See Insurance Startup Stand Has a Plan to Cover ‘Uninsurable’ Homes: The new insurance company raised $30 million and is writing policies in California wildfire zones by Yuliya Chernova of The WSJ.
This reminds me of what economists call "asymmetric information." This is a situation in which the seller knows more about a product than the buyer (sometimes the buyer knows more about something important like how healthy or risky they are as it relates to insurance). These markets do not operate optimally. If insurance companies don't know how healthy or risky you are, they can't be sure of how much your premiums should be. A good example is the used car market. Sellers usually know alot more about the product than the buyers.
This new company is trying to figure out how risky it would be to insure houses against natural disasters by using technology to assess the quality of the protections homeowners have added. It seems like insurance companies could not understand this very well before, hence the asymmetric information problem. If you have upgraded your house so it is less likely to burn down in a wildfire, that makes you less risky and your premiums should be lower. Now there might be an accurate assessment of that.
I played a game in class that touches on insurance. Click here to see the Lessons From the Supply and Demand Game.
Excerpts from the article:
"Mark Mitchell spent more than $100,000 to make his family’s home in California’s Santa Cruz Mountains more resilient to wildfires after it suffered damage when a nearby redwood growth burned in 2020. Despite his efforts, he couldn’t find an insurer that would cover the home for more than two years.
That is until Friday, when Mitchell signed a contract with Stand Insurance. “They are the only company that has been able to figure out how much we’ve done to protect our house and that it’s a reasonable risk to insure,” he said.

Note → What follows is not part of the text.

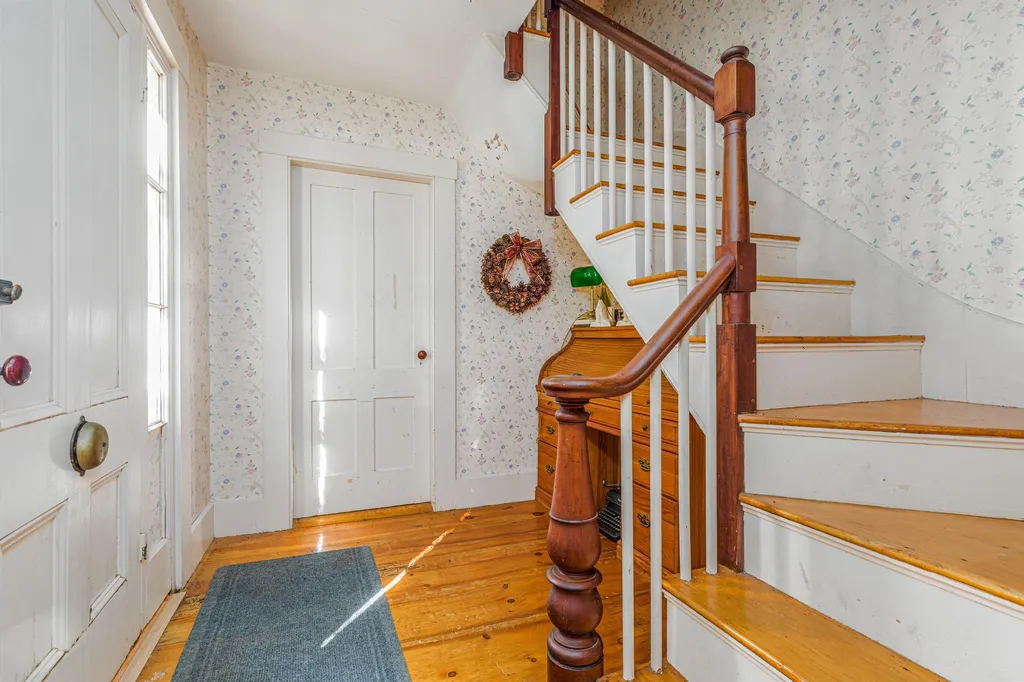 15 Chase Street Kingston NH 03848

Stand is a new insurance startup that seeks to cover homes in areas other insurers are abandoning because of risks from natural disasters like wildfires and floods. The company says its simulation software allows it to better predict risk and identify improvements homeowners should make to increase resiliency."
"Stand uses software to simulate the physical effects of a wildfire on a home and to identify changes a homeowner should make to decrease risks. The goal is to find targeted alterations that don’t turn a home into a bunker or require clearing all trees on a property, for example, Preston said."
"Insurers have been trying to change how they assess natural-disaster risk with varying success. Startups have been introducing technology, including geospatial analytics and artificial intelligence, to help make better predictions."